Yue Hin at Niccolo Chengdu
We arrived in Chengdu and didn’t even need to leave the hotel to experience local Sichuan food. At Niccolo Chengdu’s Yue Hin, we indulged in a tasting menu with about a dozen different dishes. We started with cold dishes, including a smoked fish and a ridiculously spicy cucumber skin. A series of hot dishes started to arrive at the table, so many that we quickly ran out of space on our table.
One of the more unique presentations included a deceptively simple double boiled pine mushroom soup with pork and chicken. Served in a tea pot, over a tea light candle, the soup came with a small Chinese style tea cup. I say deceptively simple as the soup was nothing more than a chicken broth, but packed such rich and condensed flavors.
A second soup involved a large vat of poached fish with mushrooms. More creamy, this soup tasted good. But the individual tea pot of broth stole the show on the soup front.
I’ve now eaten abalone multiple times in the last several months, particularly during some of our fancy Cantonese meals in Hong Kong. At Yue Hin, steamed abalone was served in a pea broth. It tasted tender and well prepared, but abalone is still not something I understand, or really get. It looked pretty though.
The highlights of the main course for me, though, were the Sichuan dishes. Dishes included one of my all time favorites, stir-fried chicken with Sichuan chili peppers. This dish should be served with the amount of chili peppers vastly outweighing the amount of chicken. It should leave the lips tingling. It did not disappoint.
And, a Sichuan style meat ball was loaded with a home-made pepper powder. It was similar to a five spice powder, but with the addition of Sichuan chilies.
At the end of the hot dishes, the server brought out what was described in the menu as “Vegetables Big Platter.” And, that is just what arrived. But the presentation was stunning, with each slice of vegetable laid across the plate to form a fan design. Bird’s nest and saffron trimmed the edges.
Then, the main courses arrived. No, all of the platters of food that covered every inch of our table were not enough. And, they were not even our main courses. A three tiered platter of dim sum arrived, including a goose pastry shaped like a swan, with little doughy panda bears on guard at each end. A wild mushroom steamed dumpling was topped with truffles.
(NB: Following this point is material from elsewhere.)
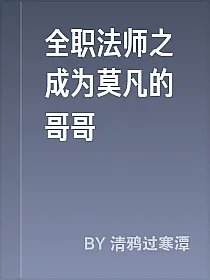 全职法师之成为莫凡的哥哥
And a steamed bun, filled with mushroom and gravy, was made to look like a mushroom itself.
And, if this was not enough, a poached rice with lobster soup finished the meal. The Cantonese inspired soup seemed similar to something we’ve eaten in Hong Kong. For this version, the toasted rice was sprinkled into the soup tableside, leaving the soup bubbling and popping from the rice.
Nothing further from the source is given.